Exercise
Every line from the start of the records through the line with "In this video, we" is to be written out exactly; pictures are not.

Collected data
______________________________

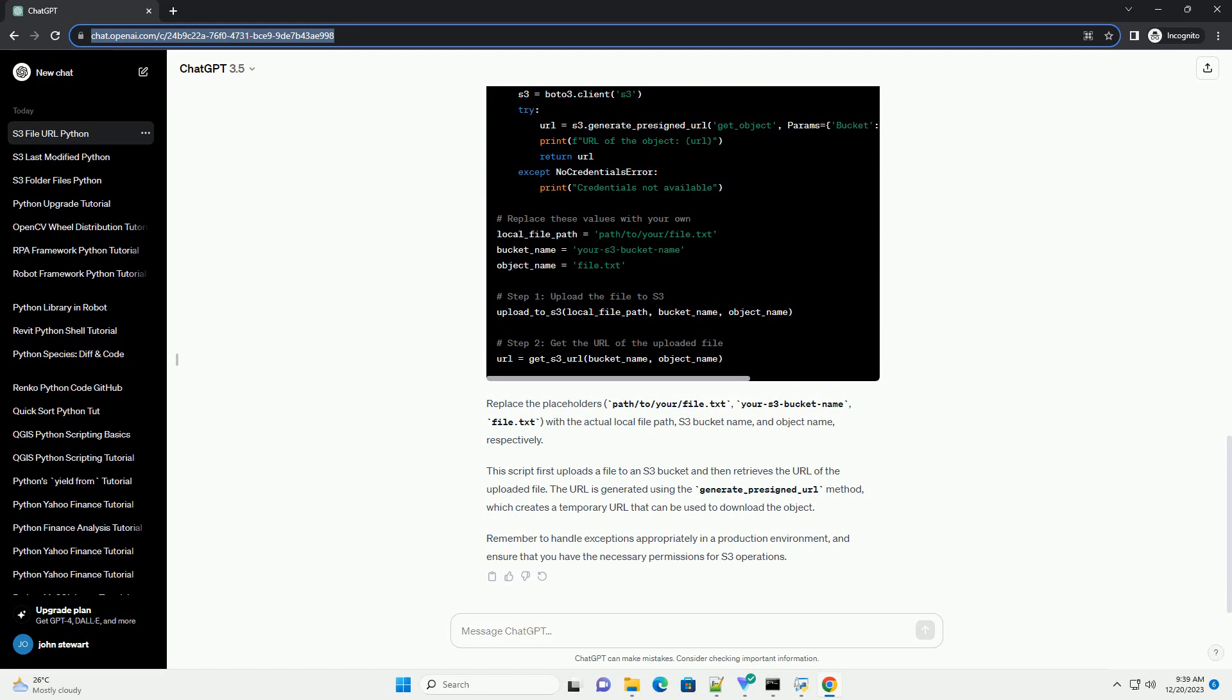Remember to handle exceptions appropriately in a production environment, and ensure that you have the necessary permissions for S3 operations.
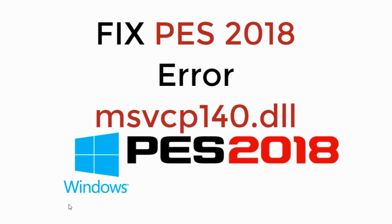In this video, we will fix PES 2018 error msvcp140.dll. So let's begin.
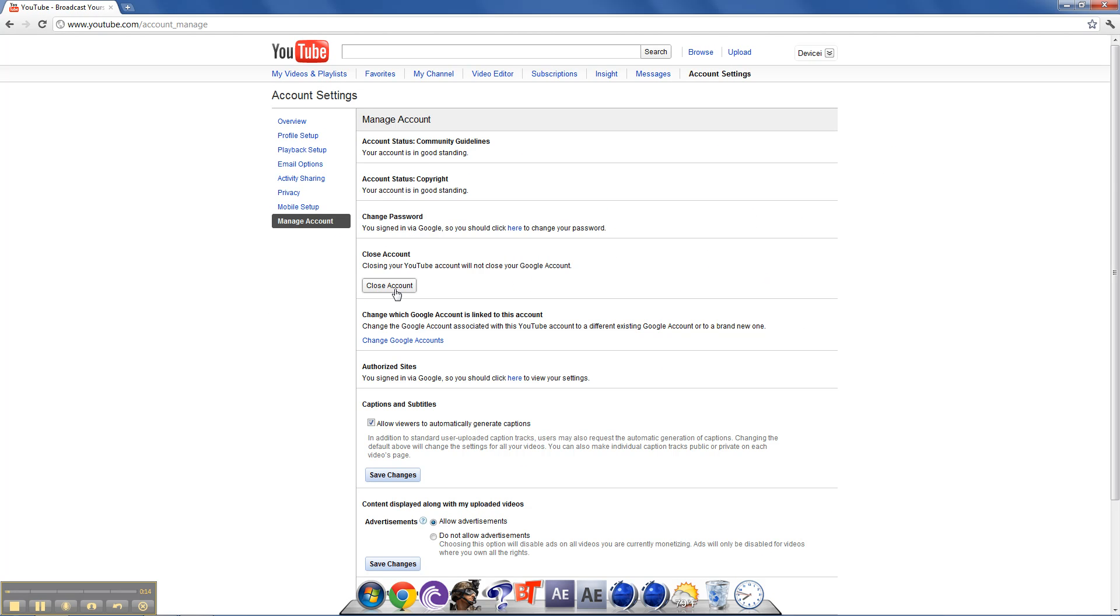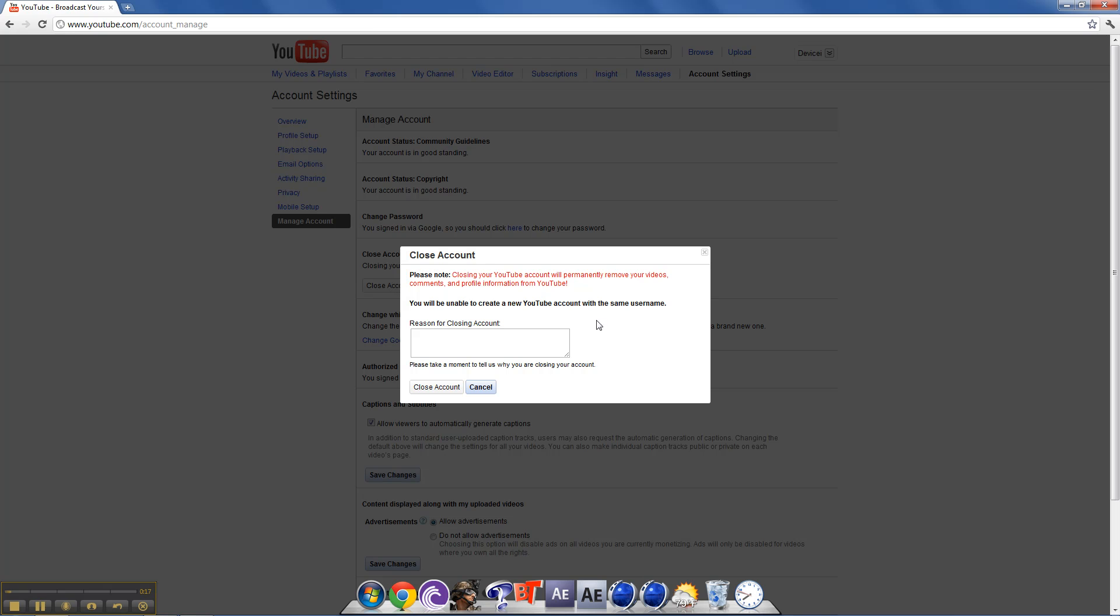Close account, see right here, close account. The reason why, just put something, and go to close account.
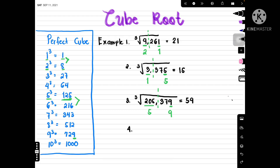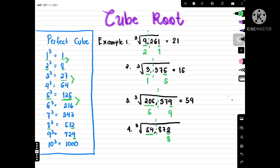Let's have another example: the cube root of 54872. Divide into two groups. The last digit is 2, which corresponds to 8 in the perfect cubes (since 8 cubed is 512, ending in 2), so we write down 8. The first part is 54 — it's between 27 and 64, but we get 27 because 64 is more than 54, so we write down 3. Putting the numbers together, our final answer is 38.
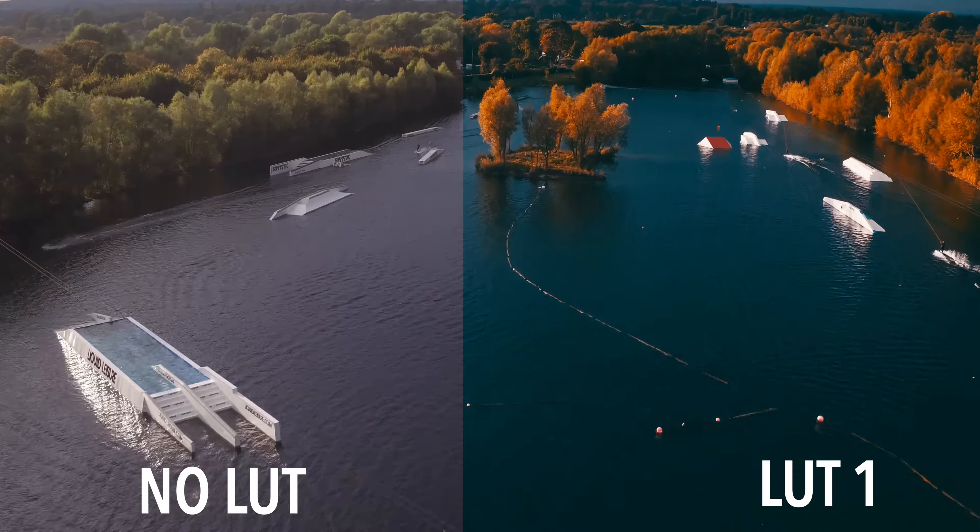We use LUTs in our videos to create different looks depending on the emotion of the video. A gray, cloudy day can be turned into a dramatic dark scene with just a simple LUT. An epic cliff can look even more epic in seconds.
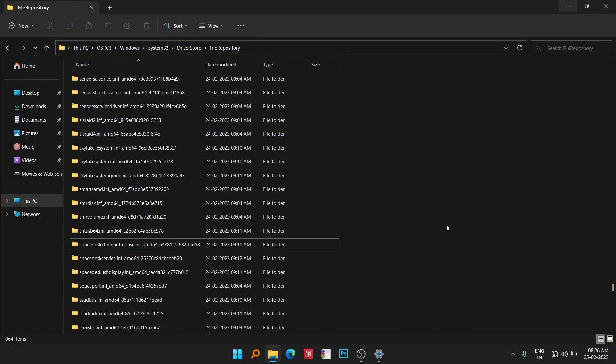Welcome guys, today in this video I'm going to show you how to remove files and folders from the System32 folder. System32 is a Windows system folder and you cannot delete anything from this folder normally. Make sure whenever you are deleting from this folder you know what you are deleting.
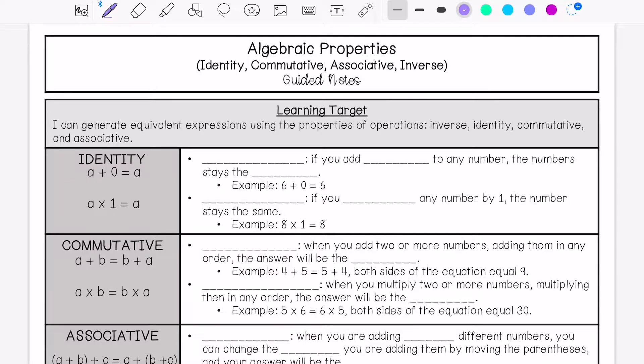My learning target is: I can generate equivalent expressions using the properties of operations such as inverse, identity, commutative, and associative.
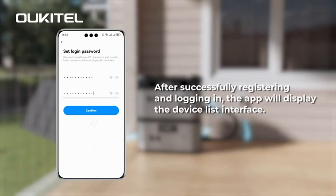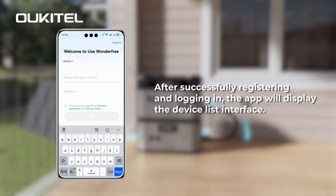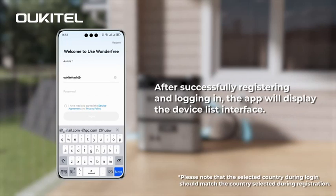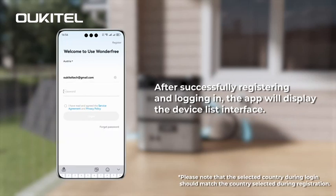After successfully registering and logging in, the app will display the device list interface. Please note that the country selected during login should match the country selected during registration.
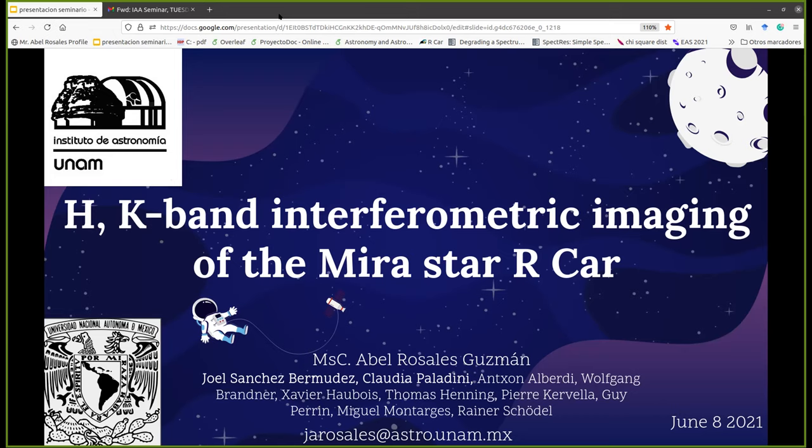He is currently in the second year of his PhD in astrophysics at the Instituto de Astronomía, UNAM, under the supervision of Dr. Joel Sánchez-Bermúdez. His work centers on the study of astrophysics through infrared interferometric imaging. Thank you very much, Abel. The floor is yours.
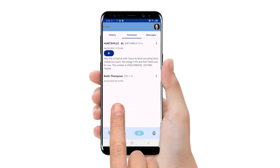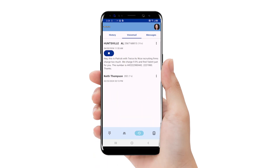From here, you can read the voicemail transcript or play the voicemail audio. Congratulations! Now you know how to check voicemail.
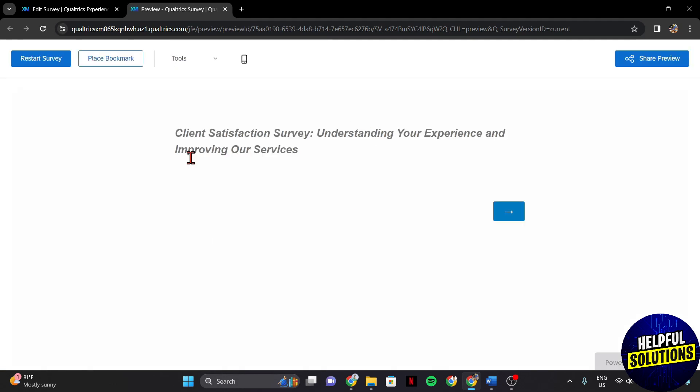So that's it. That's how you can add a title to Qualtrics survey. If you found this video helpful, please don't forget to subscribe to our channel for more tutorial videos like this. Thanks for watching!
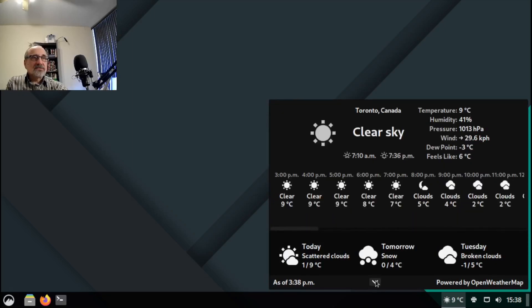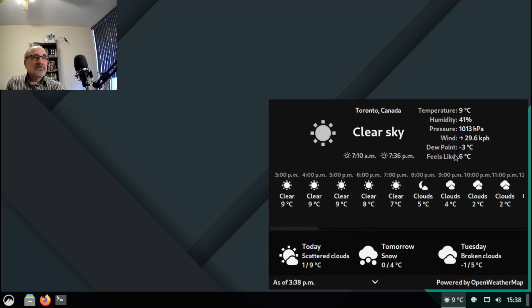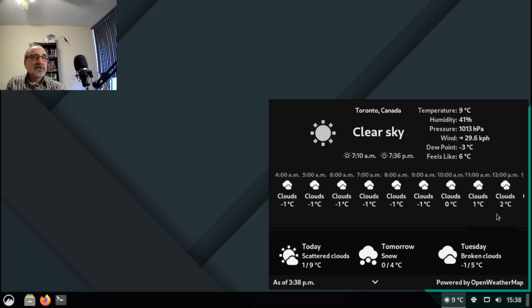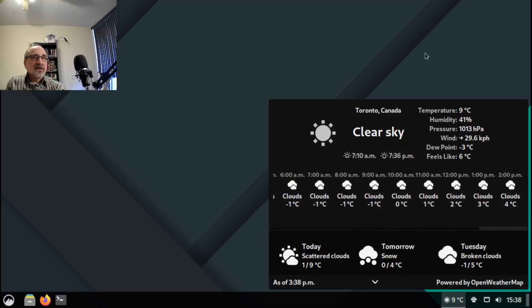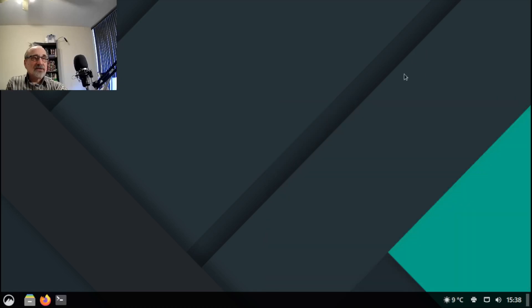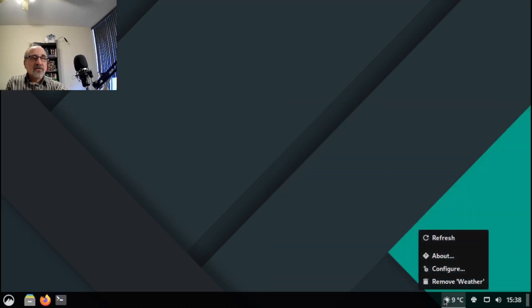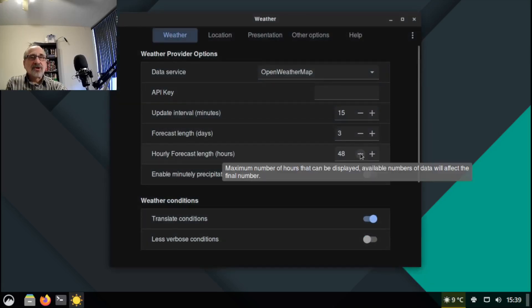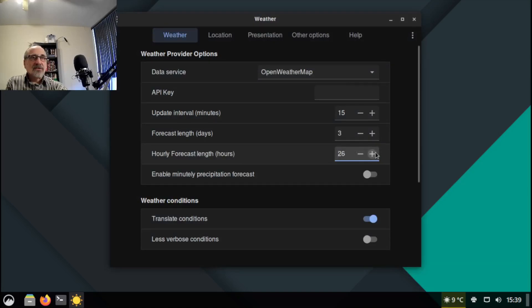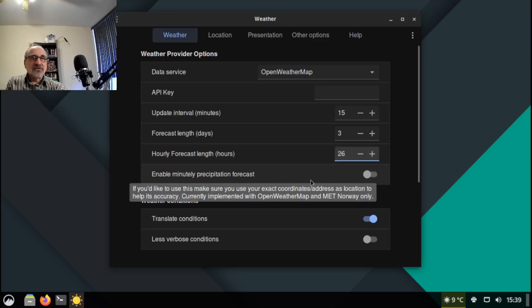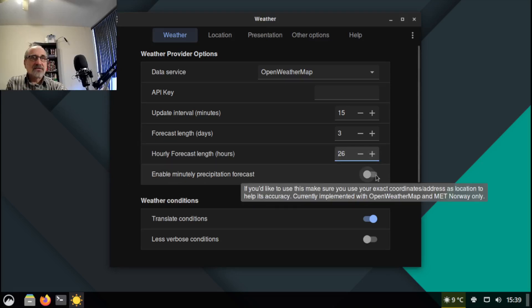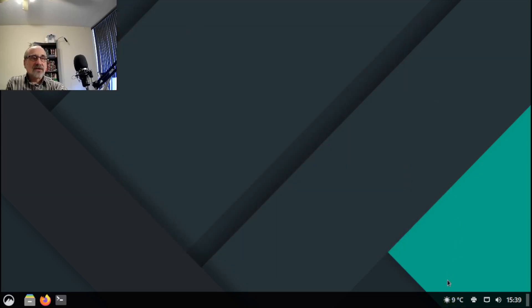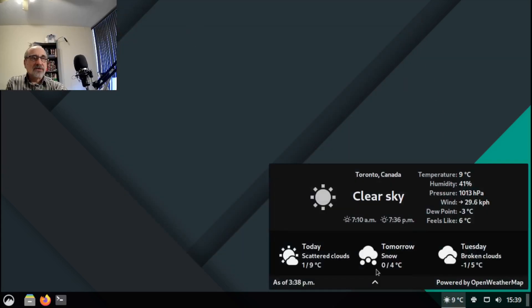You can go like this. Clear sky tells you sunrise, sunset, the winds, temperature, feels like. And you have your hourly weather. That's the weather app. And I go into the weather app and configure it. I change this from 48, I don't need 48 hours, I like to have 26. And I also turn on this minute precipitation forecast. I turn that on. And that's all I do for the weather app.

______________________________

Exercise output
Remember to handle exceptions appropriately in a production environment, and ensure that you have the necessary permissions for S3 operations.
In this video, we will fix PES 2018 error msvcp140.dll. So let's begin.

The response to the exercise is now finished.